We can easily build a BST for a given preorder sequence by recursively repeating the following steps for all keys in it:

  1. Construct the root node of BST, which would be the first key in the preorder sequence.
  2. Find index i of the first key in the preorder sequence, which is greater than the root node.
  3. Recur for the left subtree with keys in the preorder sequence that appears before the i'th index (excluding the first index).
  4. Recur for the right subtree with keys in the preorder sequence that appears after the i'th index (including the i'th index).

Let’s consider the preorder traversal {15, 10, 8, 12, 20, 16, 25} to make the context more clear.

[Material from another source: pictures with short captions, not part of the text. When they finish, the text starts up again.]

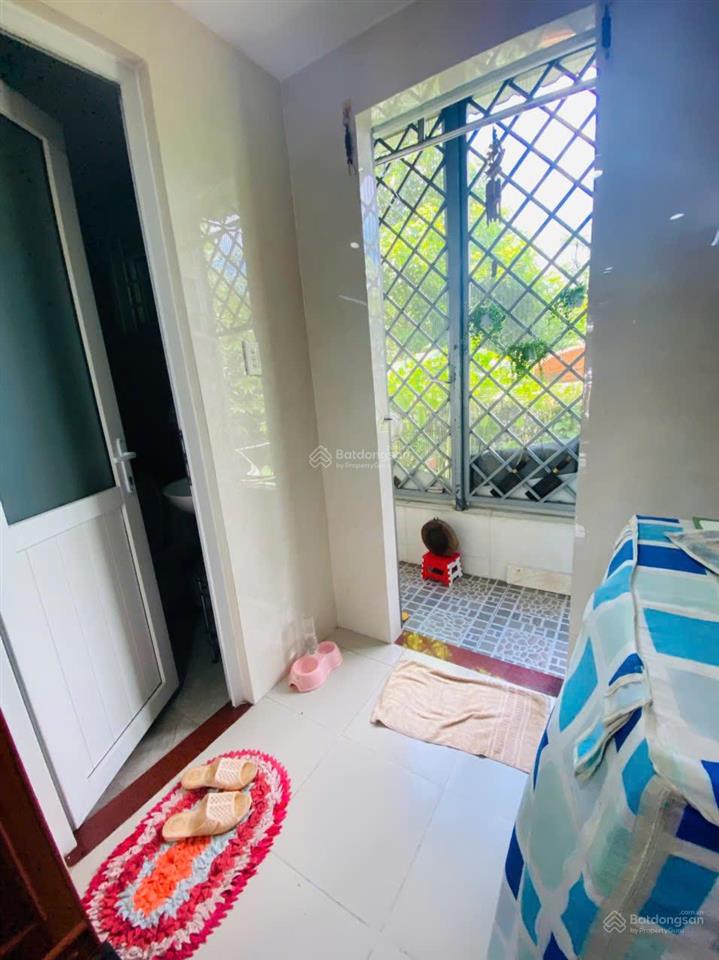 Bán nhà riêng tại tl 37, 7 tỷ, 85 m2, 3pn, 4wc, hẻm thông, chính chủ, hỗ trợ vay nh lên đến 70%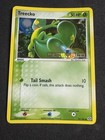 Treecko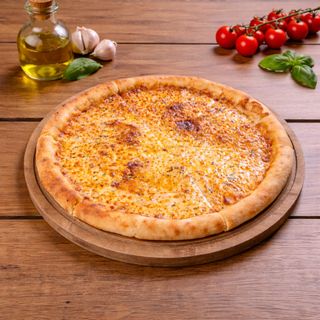 მარგარიტა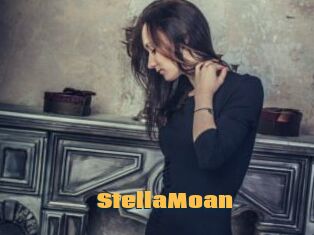 StellaMoan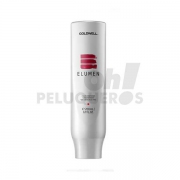 Acondicionador Elumen 200 ml.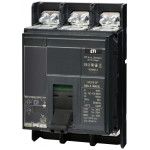 intrerupator de circuit in car nbs-e 1600/3l 800a 3p 004673160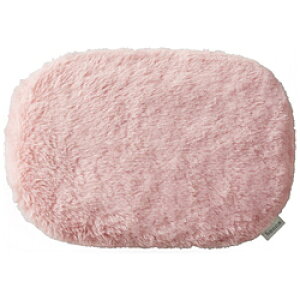 ラドンナ RX40-JY-PK レンジですぐにホッカホカ ジェル湯たんぽ Mサイズ hocca PINK RX40JY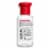 Thayers Natural Remedies Witch Hazel Toner Alcohol Free with Rose Petal Perspective: back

  1. The first item in the preorder sequence 15 becomes the root node.
  2. Since 20 is the first key in the preorder sequence, which greater than the root node, the left subtree consists of keys {10, 8, 12} and the right subtree consists of keys {20, 16, 25}.
  3. To construct the complete BST, recursively repeat the above steps for preorder sequence {10, 8, 12} and {20, 16, 25}.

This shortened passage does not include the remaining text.